» Problem description: Within the records that follow, restate exactly the lines from the line with "Ваза хрустальная ладья" down to the line with "Square wooden table", including both. Omit the pictures.

» Data to use:
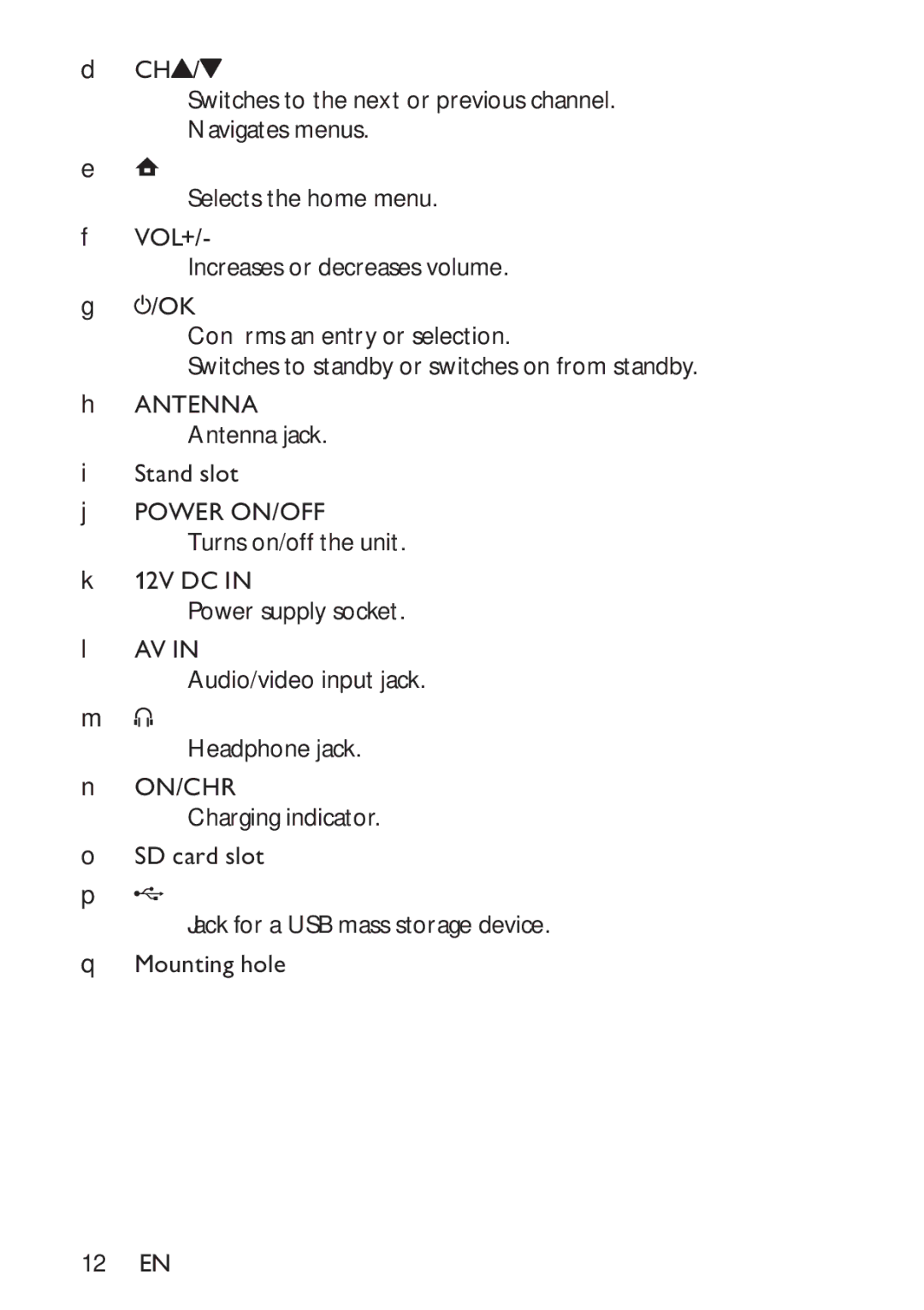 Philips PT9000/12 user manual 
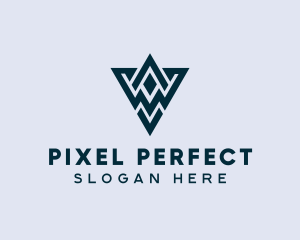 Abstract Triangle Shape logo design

* * *

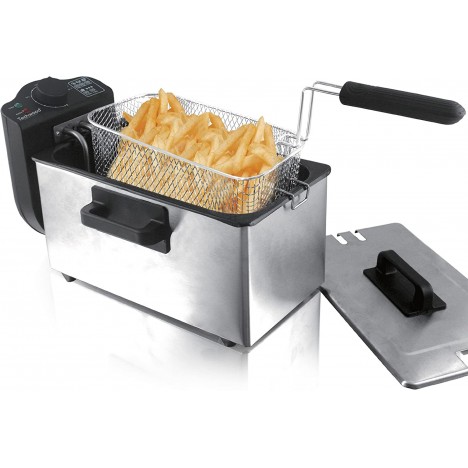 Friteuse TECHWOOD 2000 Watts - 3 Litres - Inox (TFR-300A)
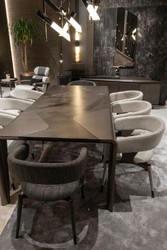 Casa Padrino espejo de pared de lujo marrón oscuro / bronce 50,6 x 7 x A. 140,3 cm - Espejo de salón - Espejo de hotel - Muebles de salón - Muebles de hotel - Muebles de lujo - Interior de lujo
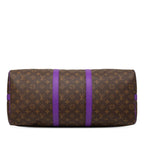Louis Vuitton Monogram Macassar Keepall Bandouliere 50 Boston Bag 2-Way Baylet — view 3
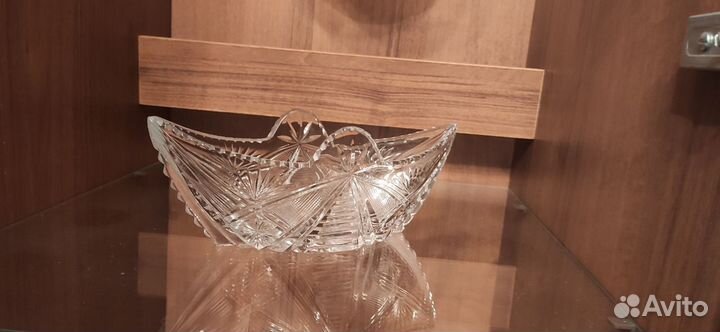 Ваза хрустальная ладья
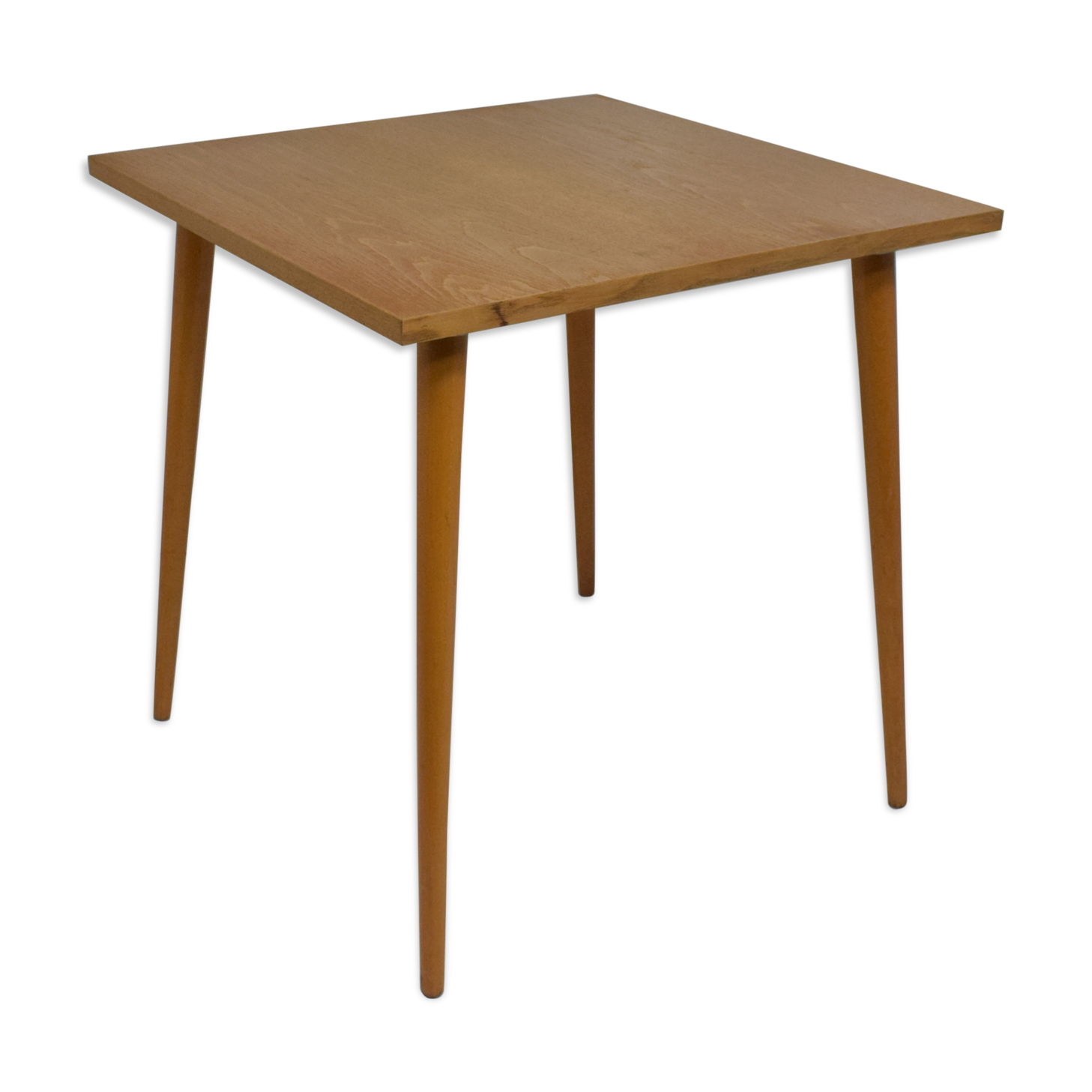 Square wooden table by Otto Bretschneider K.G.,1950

» Written reply:
 Ваза хрустальная ладья
 Square wooden table by Otto Bretschneider K.G.,1950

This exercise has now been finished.